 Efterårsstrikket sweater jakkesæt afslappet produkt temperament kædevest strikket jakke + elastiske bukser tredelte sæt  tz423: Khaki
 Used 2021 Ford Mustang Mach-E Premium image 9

--

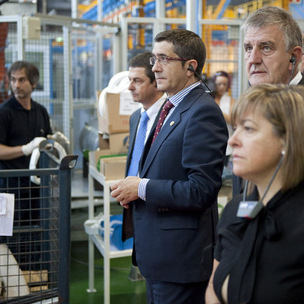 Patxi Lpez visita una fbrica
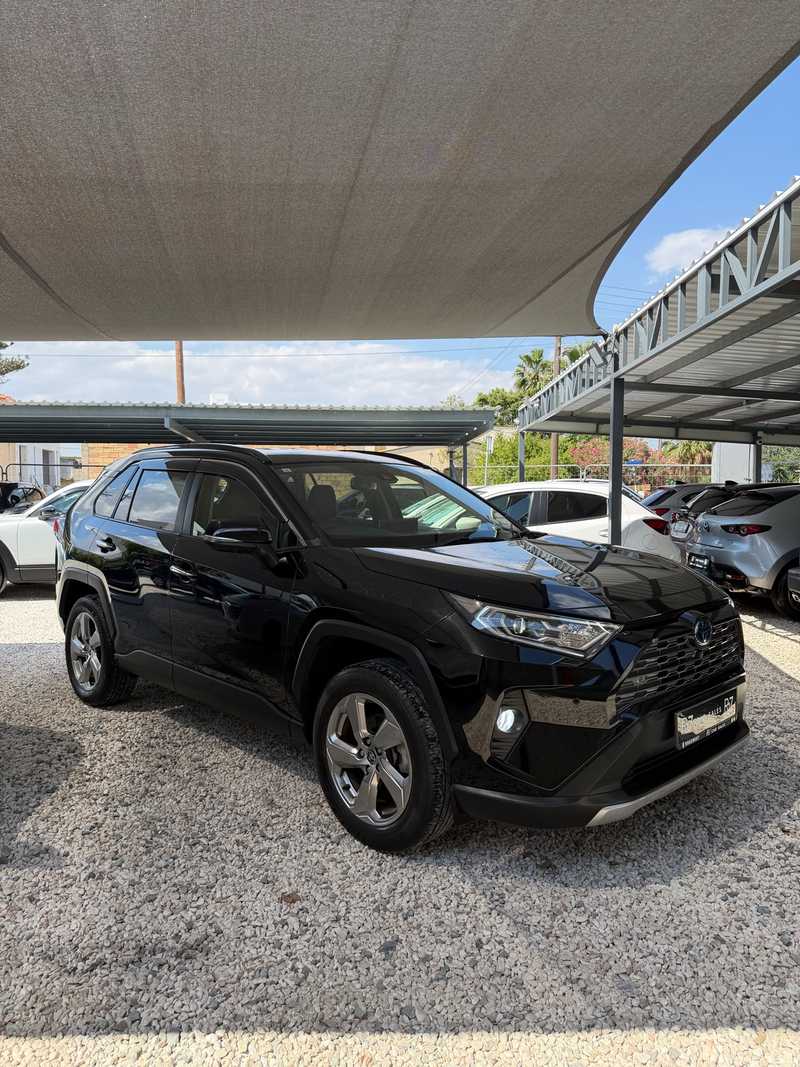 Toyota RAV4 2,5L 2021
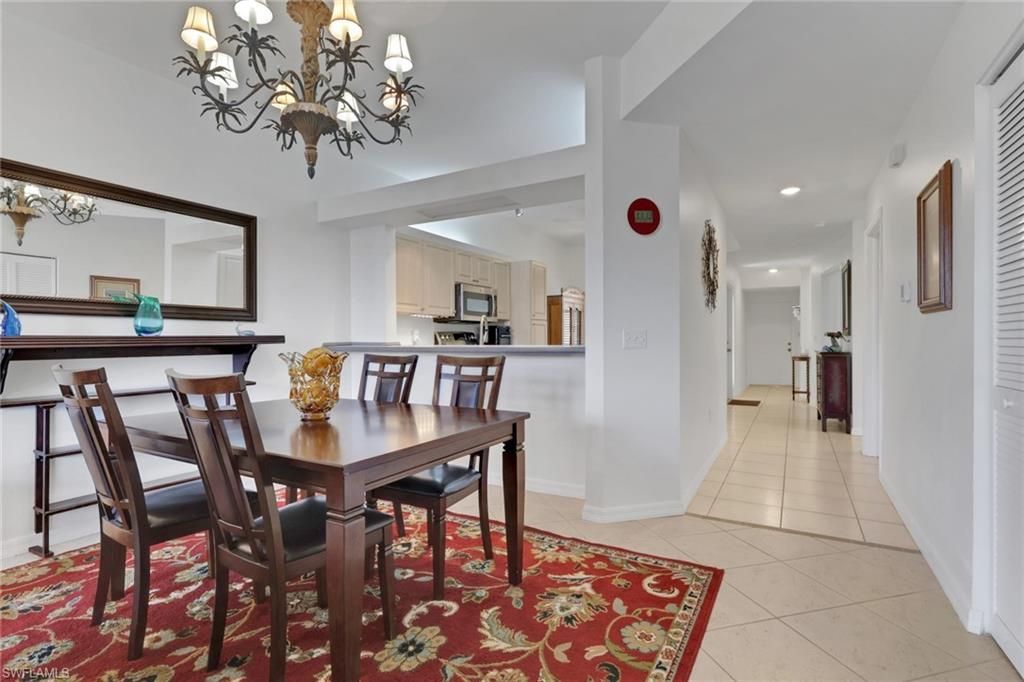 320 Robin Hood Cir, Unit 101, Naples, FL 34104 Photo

Action item: Produce only the lines from the line containing "Efterårsstrikket sweater jakkesæt" through the line containing "Used 2021 Ford", inclusive of both, exactly as they stand in the entries above.

Worked solution:
 Efterårsstrikket sweater jakkesæt afslappet produkt temperament kædevest strikket jakke + elastiske bukser tredelte sæt  tz423: Khaki
 Used 2021 Ford Mustang Mach-E Premium image 9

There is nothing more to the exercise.